Em sua redação, o dispositivo prevê como crime “Deixar, aquele que tiver o dever legal ou contratual de fazê-lo, de cumprir obrigação de relevante interesse ambiental”, cominando pena de detenção, de um a três anos, e multa. O parágrafo único estabelece, ainda, que se o crime for culposo, a pena pode variar de três meses a um ano, sem prejuízo da multa.

Ocorre que o dispositivo encontra problemas práticos, uma vez que sua redação é composta por termos extremamente vagos. Por exemplo, para fins de tipificação do crime, o que pode caracterizar “relevante interesse ambiental”?

A ausência de uma definição tem levado ao ajuizamento de ações criminais em razão das mais diversas condutas, como descumprimento de embargo imposto por órgão ambiental ou de condicionantes que estão previstas na licença ambiental do empreendimento. Tendo isso em mente, o presente artigo tem o objetivo de analisar, ainda que brevemente, se tais condutas podem, de fato, caracterizar o crime do art. 68.

Para responder a essa pergunta, é necessário compreender, em primeiro lugar, que se trata de um crime omissivo, ou seja, um deixar de fazer. Contudo, essa omissão somente será relevante quando o sujeito tenha o dever legal ou contratual de cumprir uma obrigação definida como de relevante interesse ambiental.
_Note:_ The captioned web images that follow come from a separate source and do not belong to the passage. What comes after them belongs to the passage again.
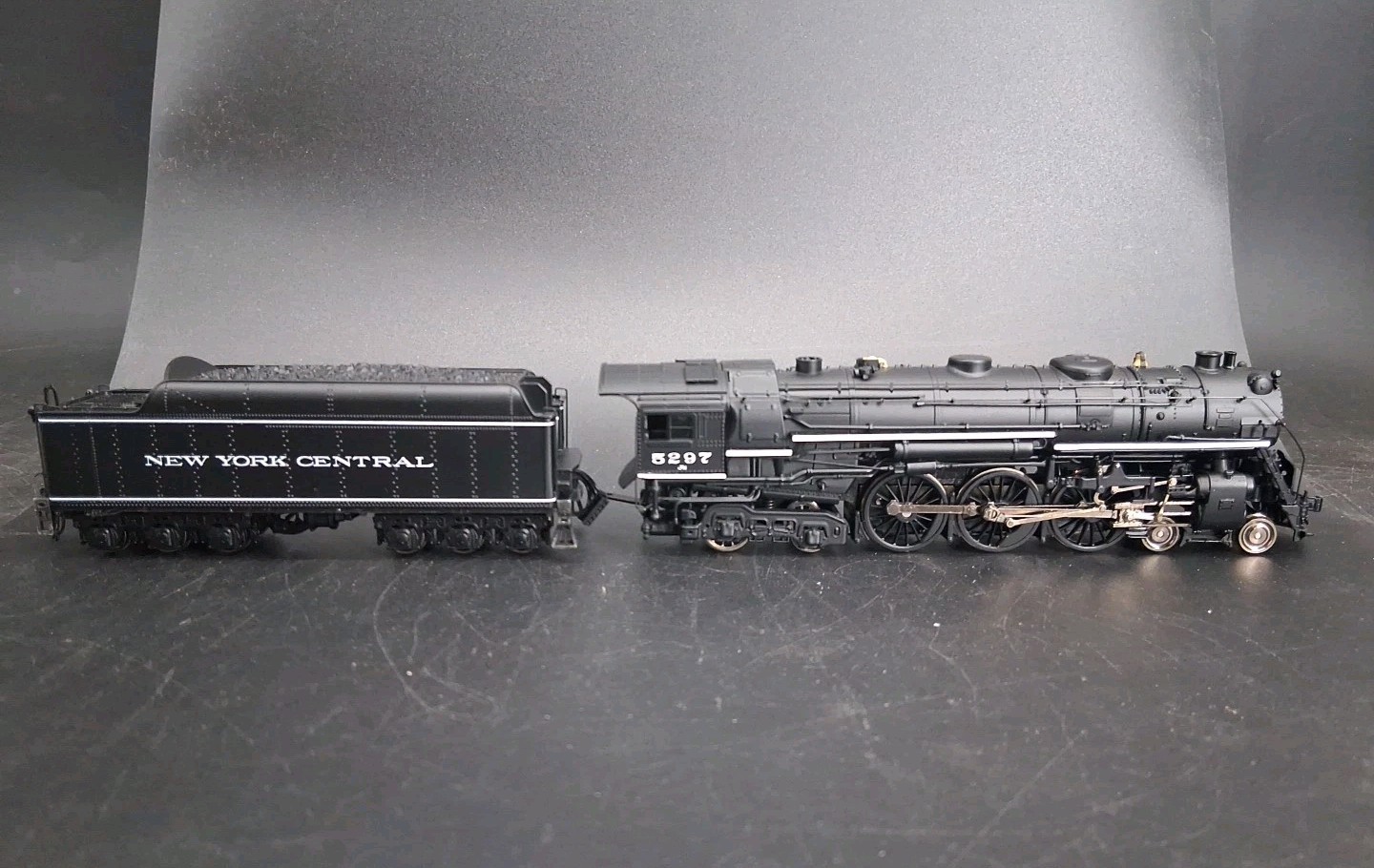Broadway Limited HO Gauge 065 NYC J1D 4-6-4 Hudson #5297 Elesco DCC/Sound LN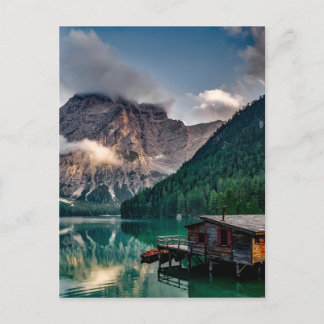 Cabin van het Italiaanse meer aan de zijkant Briefkaart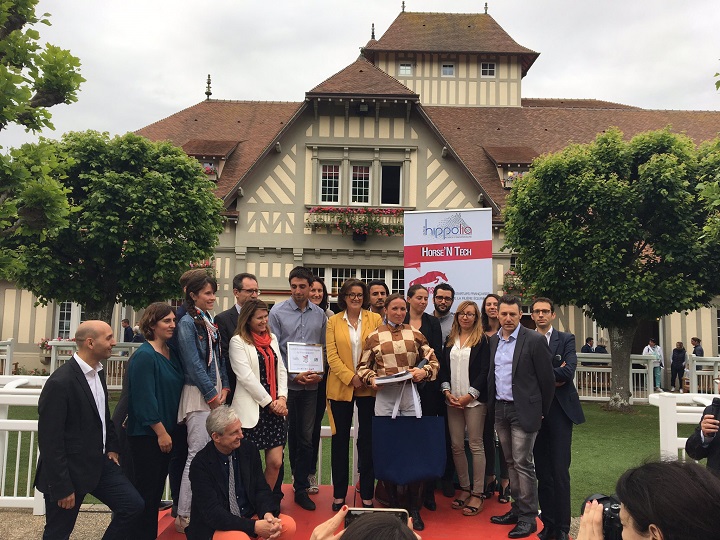 visite-senatrice-AC-Loisier-Normandie-juin-2017-prix-des-starts-up-deauville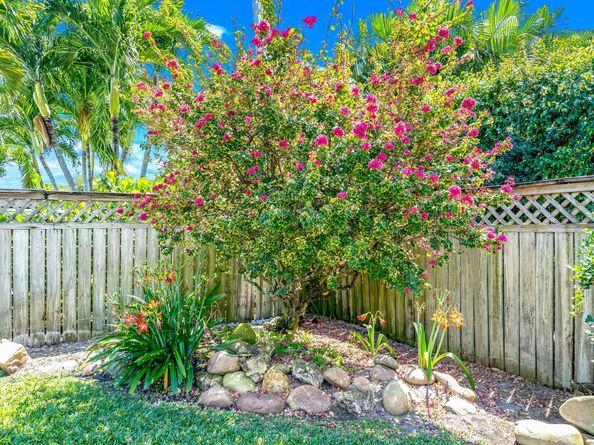 348 Alhambra Pl, West Palm Beach FL 33405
Isso quer dizer que se a obrigação não decorre de lei ou de contrato, não há crime. E, ainda que seja legal ou contratual, se a obrigação não for de relevante interesse ambiental, também não há crime.

Aplicando essa explicação à pergunta que dá título ao artigo, temos que o descumprimento de embargo ou de condicionantes ambientais não pode configurar o crime descrito no art. 68 porque não é obrigação derivada de leis ou contratos, mas sim de ato administrativo, o que torna a conduta atípica para o direito penal.

É o que decidiu, por exemplo, o Tribunal de Justiça de Minas Gerais no julgamento da Apelação Criminal n. 0246727-66.2013.8.13.0672[1]: “O delito previsto no art. 68 da Lei 9.605/98 exige que a obrigação descumprida decorra de dever legal ou contratual e que seja de relevante interesse ambiental, sendo atípica a conduta do agente que descumpre condicionante da licença ambiental concedida, porquanto possui natureza jurídica de ato administrativo.

O mesmo foi dito pelo Tribunal de Justiça de Mato Grosso do Sul[2], que absolveu os réus acusados do crime do art. 68 porque “a obrigação de relevante interesse ambiental não cumprida a que se refere o artigo deve decorrer de lei ou contrato, não podendo os agentes serem punidos pela prática de tal crime por haverem descumprido embargo constante de auto de infração ou, ainda, uma condicionante da licença ambiental concedida, pois definidos como ato administrativo”.

Porém, vale ressaltar que embora não configure o crime ambiental do art. 68, o descumprimento de condicionantes ambientais pode configurar infração administrativa, já que o art. 66 da Decreto n. 6.514/2008, ao definir como infração o ato de construir, reformar, ampliar, instalar ou fazer funcionar obras ou serviços utilizadores de recursos ambientais, efetiva ou potencialmente poluidores, sem licença ou autorização dos órgãos ambientais competentes, também dispõe no parágrafo único, inciso II, que incorre na mesma pena de multa quem deixa de atender a condicionantes estabelecidas na licença ambiental.

De todo modo, diante da complexidade do tipo penal do art. 68, ressalta-se a importância de o empreendedor consultar advogado de sua confiança para que se possa decidir a melhor estratégia a fim de demonstrar a atipicidade da conduta no caso concreto e pôr um fim ao processo penal.


[1] TJMG, Apelação Criminal 0246727-66.2013.8.13.0672. 7ª Câmara Criminal. Rel. Des. Paulo Calmon Nogueira da Gama. Julgado em: 04/12/2019, publicado em 11/12/2019.

[2] TJMS, Apelação Criminal 0004405-13.2016.8.12.0001. 2ª Câmara Criminal. Rel. Waldir Marques. Julgado em 23/07/2020, publicado em 28/07/2020.